Ruger SR22 Review


Many people can remember a day when they first learned to shoot a pistol and for most of them, that pistol was a 22.  They are still a lot of fun and great way to teach new shooters the fundamentals of shooting.

Like most firearms, changes in technology have made an impact on the 22 pistol market as well, with many models designed similar to their larger caliber counterparts.  Having controls in the similar location as the larger caliber versions makes them a good training firearm.

The Ruger SR22 has been on the market for a few years and is a fun gun to spend an afternoon with.  I’ve had mine for a couple years and have put a couple thousand rounds through it during that time.  I can easily say that it has gotten better with age.

When I first got the SR22, it was obvious it didn’t like a lot of the bulk pack ammo.  There were a few miss feeds and an occasional jam.  Some very cheap ammo I had wouldn’t get more than a round or two before having an issue.
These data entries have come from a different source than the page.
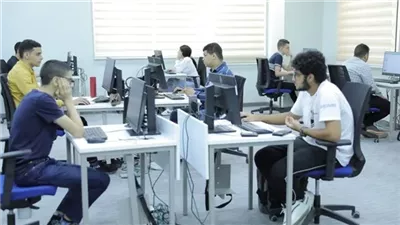 الفئات المستثناة من اختبارات القدرات بكليات التربية الرياضية 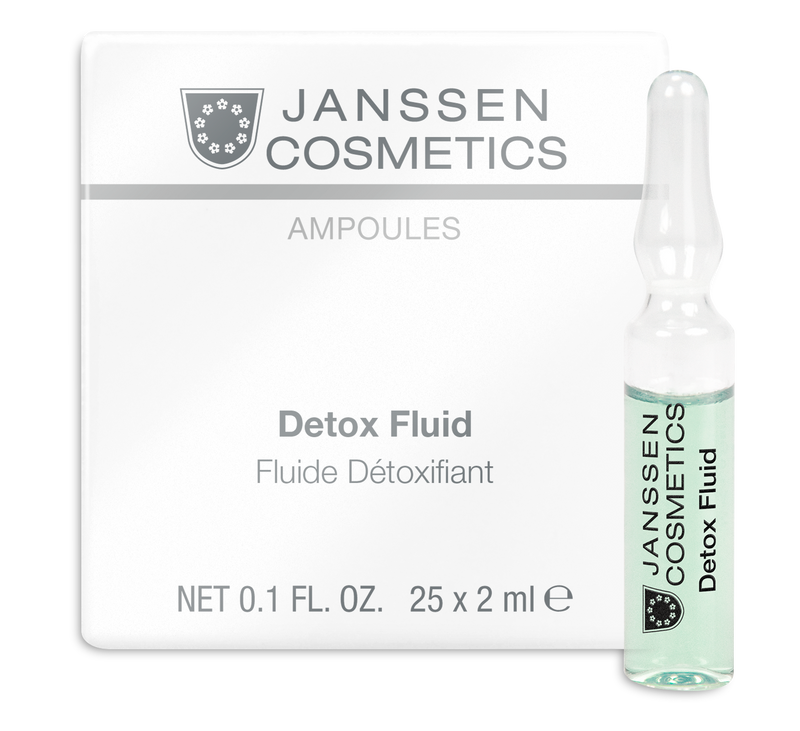 Purify - Detox Fluid 25 x 2ML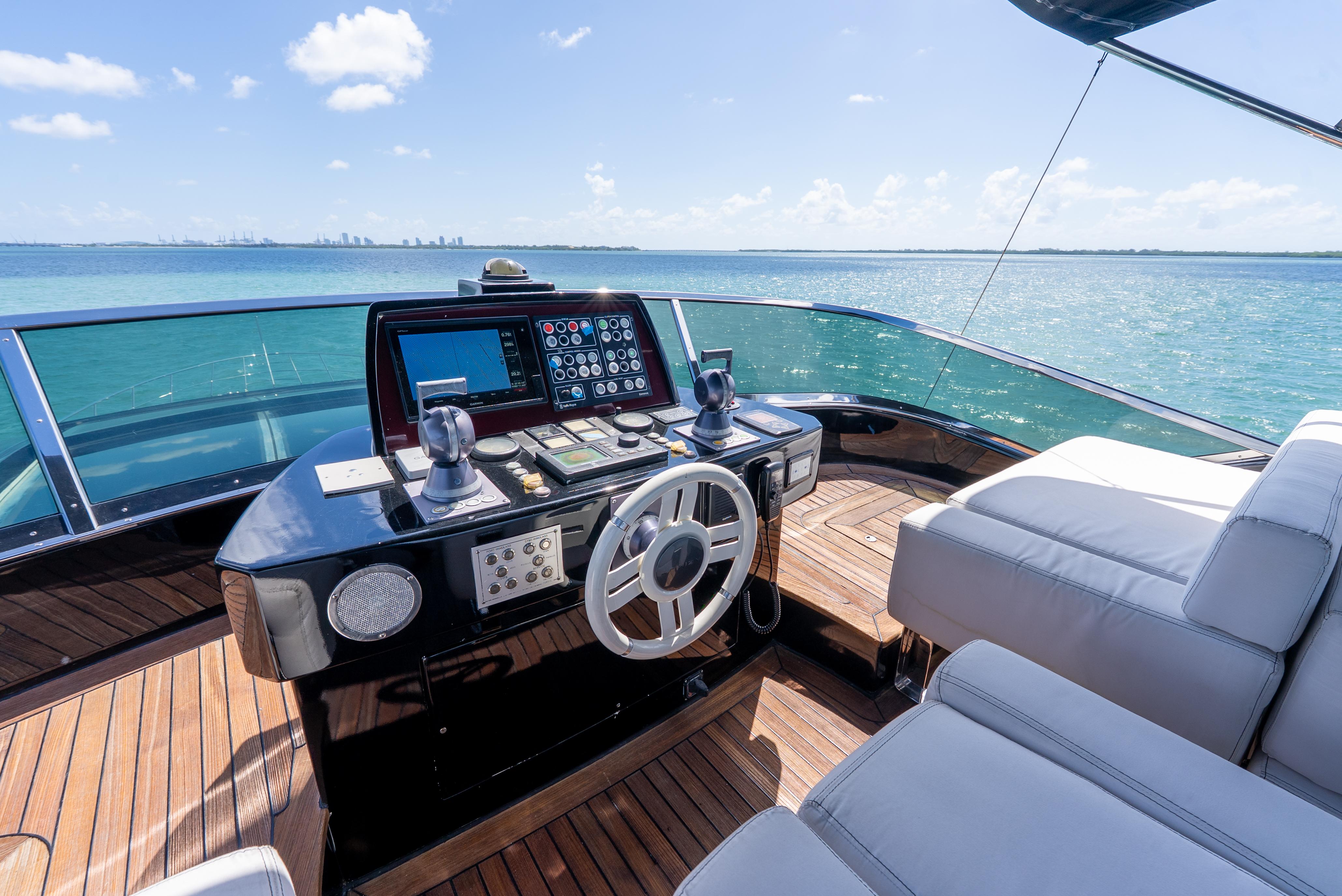Azimut-103S 2008 -FL-US-9776071 | Thumbnail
Anyone who shoots semiautoes regularly knows that new guns of virtually every caliber may have a few hiccups until it gets broken in.  I’ve had 9mm and 45acp pistols do the very same thing out of the box with cheaper ammo until they got broken in so I wasn’t too worried about the pistol itself.

After putting several hundred rounds of some better ammo through the SR22 I decided to give the cheaper bulk pack ammo another chance and had some surprisingly good results.  The gun was loosened up enough that even the cheaper ammo ran much better.  If you like to shoot, you certainly have spent time trying to find cheaper ammo.

The Ruger SR22 has a magazine safety disconnect that renders the gun useless if there is no magazine in it.  This is a safety feature that some people will not like but is one that I think is a good idea.  Chances are that this gun will be used to teach someone how to shoot and this added safety is a good idea in my opinion.

The manual safety also decoks the pistol when it is engaged and is ambidextrous for the left-handed shooters out there.

Sights on the SR22 are three dot and adjustable for windage and elevation and seem to hold up very well.

One issue that I still have with the Ruger SR22 is that I seem to burn up a lot of ammo whenever I get it out.  It is very fun to shoot and I enjoy spending the afternoon with it and several different targets.